Sesekali Andreas mencuri-curi pandang ke arah Dyana. Pria itu tersenyum merasa gemas dengan apa yang dilakukan Dyana. Rasanya ia sangat ingin memeluk wanita itu sembari mengacak-acak rambutnya.
Andreas merasa sangat senang dan lega melihat Dyana ada di sampingnya sekarang. Rasanya ia masih kurang percaya dengan kenyataan kalau Dyana masih hidup. Dia akan menanyakan apa yang sebenarnya terjadi kepada Dyana nanti.

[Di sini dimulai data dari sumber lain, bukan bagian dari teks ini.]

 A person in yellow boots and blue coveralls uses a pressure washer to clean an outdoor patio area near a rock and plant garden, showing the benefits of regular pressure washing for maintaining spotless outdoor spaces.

Hening beberapa saat di antara mereka. Namun, tak lama Andreas membuka suara memecahkan keheningan yang ada.
"Apa dia nakal?" tanya Andreas tiba-tiba
"Siapa?" tanya Dyana acuh tak acuh. Dia masih menatap bahu jalan.

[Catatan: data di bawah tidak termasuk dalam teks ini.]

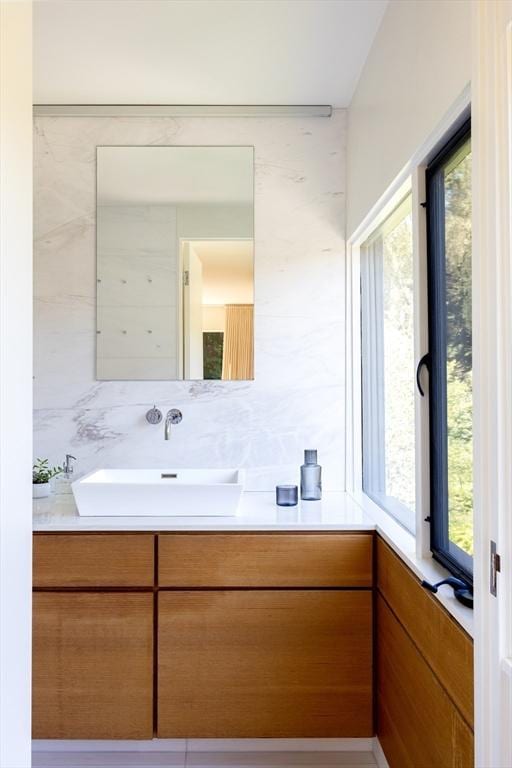 bathroom with vanity and a healthy amount of sunlight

"Anak kita." Dyana tertegun mendengar ucapan Andreas. Dia kemudian menoleh ke arah pria itu.
"Maksudnya?" tanya Dyana bingung.
Andreas lagi-lagi tersenyum. Membuat Dyana mau tidak mau harus terbiasa merasakan sesuatu yang aneh menimpa jantungnya.

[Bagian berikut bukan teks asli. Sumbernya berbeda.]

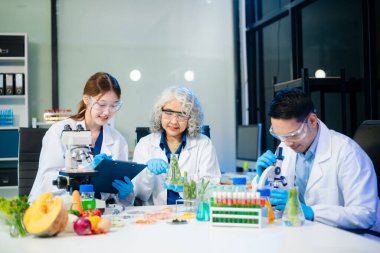Team of scientists examining food samples in a lab with microscopes. Perfect for themes of food science, biotechnology, and nutrition research teamwork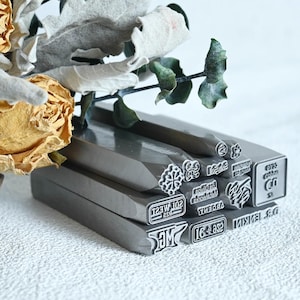 May include: A collection of rectangular metal stamps featuring various engraved designs and text including "SOL WEST 925", "los olivos metalworks", "ARGENT", "16 925", "MG", and "DR JENKIN". The stamps are arranged in a stack with a dried yellow rose and leaves.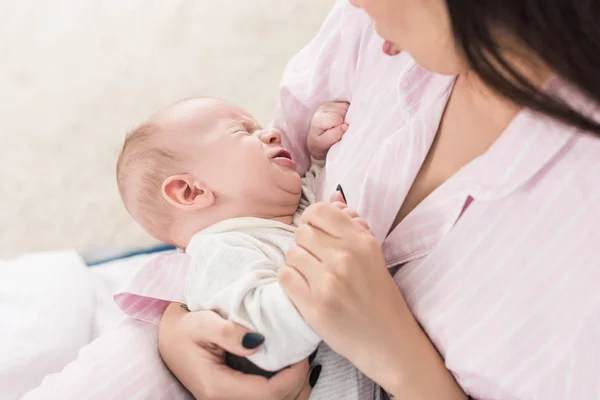 Vue partielle de la mère apaisant petit bébé pleurant sur les mains — Photo de stock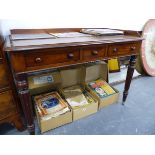 AN EARLY VICTORIAN MAHOGANY WRITING TABLE WITH GALLERY BACK OVER THREE DRAWERS ON REEDED LEGS. W.104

"Ya, maksudku. Apa dia meminta hal-hal yang aneh? Yang aku tau wanita yang sedang hamil suka menginginkan sesuatu yang berasal dari permintaan sang bayi." jelas Andreas. Dyana sekarang paham.
"Maksudmu ngidam?"
"Ya. Itu istilahnya." ucap Andreas sembari fokus menyetir.
Dyana menaikkan kedua bahunya.
"Aku tidak terlalu sering merasakannya. Mungkin dia tau kalau ibunya sangat sibuk dan tidak ada yang memperhatikan. Makanya dia tidak ingin meminta hal-hal yang aneh. Paling-paling ia sering meminta rujak." jelas Dyana.
Andreas menoleh sebentar. "Rujak?" ucap Andreas bingung. Dia baru mendengar nama makanan itu.
"Ya. Itu semacam makanan yang berasal dari berbagai macam buah-buahan yang dicampur lalu ditaburi kuah yang rasanya pedas dan asin." Dyana mencoba mendeskripsikan apa itu rujak. Namun, kelihatannya Andreas masih bingung. "Itulah yang kutahu mengenai makanan itu."
Andreas hanya mengangguk. Mungkin dia sudah mengerti.
Dyana menutup lurus ke depan.
Hening kembali beberapa saat.
"Maaf," gumam Andreas pelan. Namun, masih bisa didengar oleh Dyana.
"Untuk?"
"Semuanya." ucap Andreas pelan namun terdengar tulus.
"Hmmm." Hanya itu jawaban dari Dyana. Membuat Andreas sedikit kecewa.
Tak lama Andreas menghentikan mobilnya di sebuh restoran mewah berlantai tiga.
"Kenapa kita ke sini?" tanya Dyana setelah mereka turun dari mobil.
Andreas hanya tersenyum dan berkata.
"Nanti kau juga tahu." ucapnya tak berniat menjelaskan.
"Ayo!" ajak Andreas. Pria itu melingkarkan tangannya di pinggang Dyana dengan gerakan tiba-tiba. Membuat Dyana tertegun dan tidak bisa menolak. Dia hanya menurut dan mengikuti ke mana Andreas akan membawanya.